If there’s one thing that’s bound to get Jane Austen lovers hot under the collar, it’s the subject of kissing. Writers of Hollywood screenplays and steamy online fan-fiction have been trying to get Austen’s characters to lock lips for years, which causes complete outrage amongst the Austen purists who think this sort of thing is awfully undignified. It’s such a big deal that when the BBC released a film adaptation of Austen’s Persuasion and had a promotional poster of two characters locking lips, there was widespread outcry from Austen-ites. The only thing we can all agree on is that there’s absolutely no kissing in any of Jane Austen’s actual books. Right?
Wrong. An Austen expert from University College London, Professor John Mullan, has just come forward to stir up all our wildest dreams, and point out the illicit mouth-to-mouth action that may have been going on right underneath our noses. Professor Mullan has read Emma no less than 15 times (a man after my own heart), and on his most recent reading had the most exciting ‘Eureka’ moment since… well, that guy who had the first ‘Eureka’ moment. (I can’t remember exactly what he’d figured out, but it definitely wasn’t a revelation of this epic proportion.)
The scene that caught his attention involves the charming but thoughtless Frank Churchill, and the penniless Jane Fairfax, to whom he is secretly engaged. Like, super secretly. Not even the reader knows at this point. So when Emma walks into a room to find the two of them alone with Jane’s sleeping aunt, Frank hell-bent on fixing a pair of glasses while Jane stares at the piano, we don’t think that much of it.

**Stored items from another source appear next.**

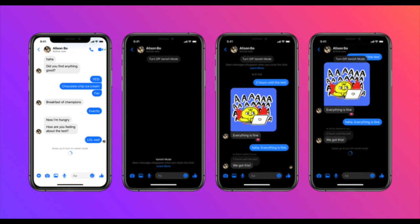Instagram already has a feature which allows users to send photos and videos that disappear once viewed, and the additional vanish mode for texts makes its messaging functionality even more similar to Snapchat. The new ephemeral messaging feature on Instagram and Messenger differs from WhatsApp's disappearing messages — while WhatsApp messages can be screenshotted and are readable for seven days, vanish mode chats disappear after being viewed. The sender also gets a notification if someone takes a screenshot before it vanishes.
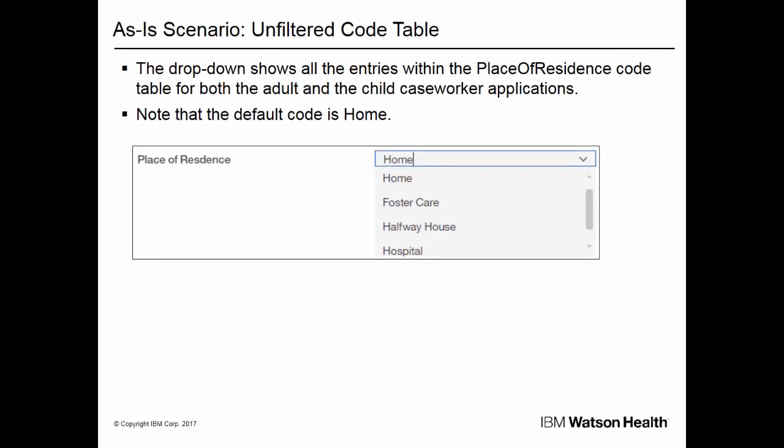This screenshot contains an example of an unfiltered code table called place of residence. The code table is unfiltered and has no context applied, which means that it displays all of the items that it contains. Note that the default code is home.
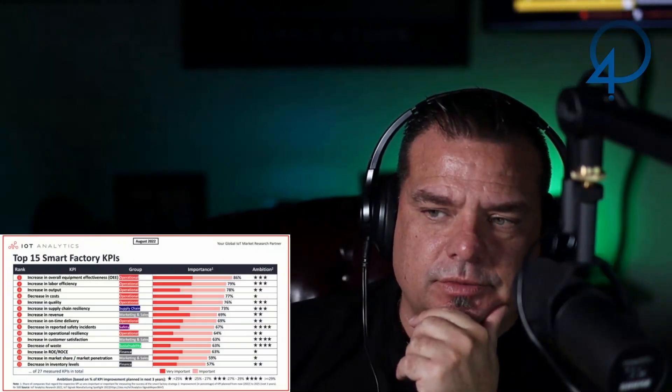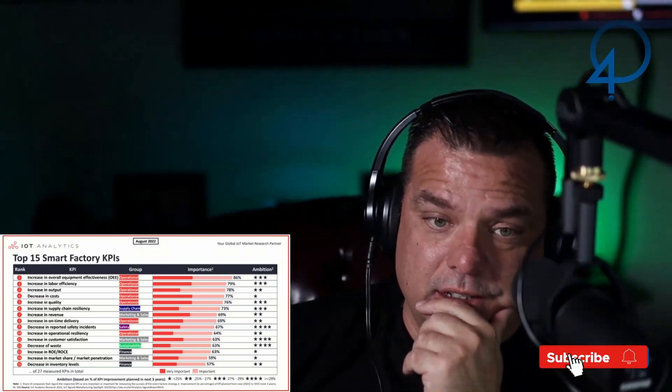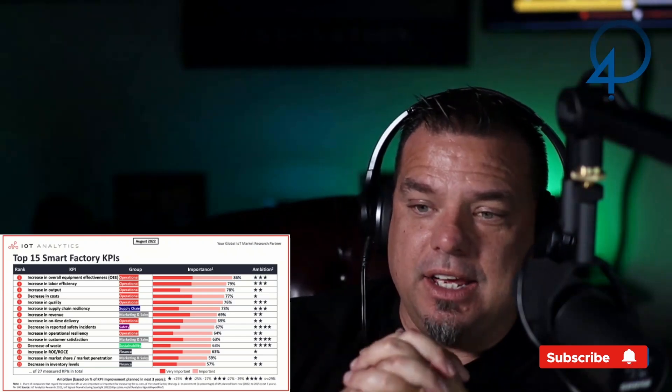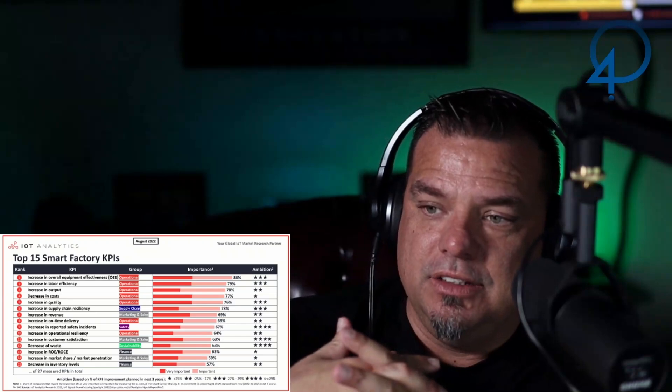The last thing I want to talk about is this OEE thing. There was a post the other day — I shot the video 'OEE is powerful and important.' I shot that because Dave McGowan on LinkedIn posted an article about the top 15 smart factory KPIs, and the number one KPI was OEE.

But hang on, why is Jane “standing with her back to them, intent on her pianoforte”? Unless pianos have changed pretty significantly since Regency England, standing near one is not the best way to practice your technique. And why is Frank so “deedily occupied” with some old lady’s spectacles? Professor Mullan has the theory I have been waiting my whole life to hear: They’ve actually just broken off from a kiss.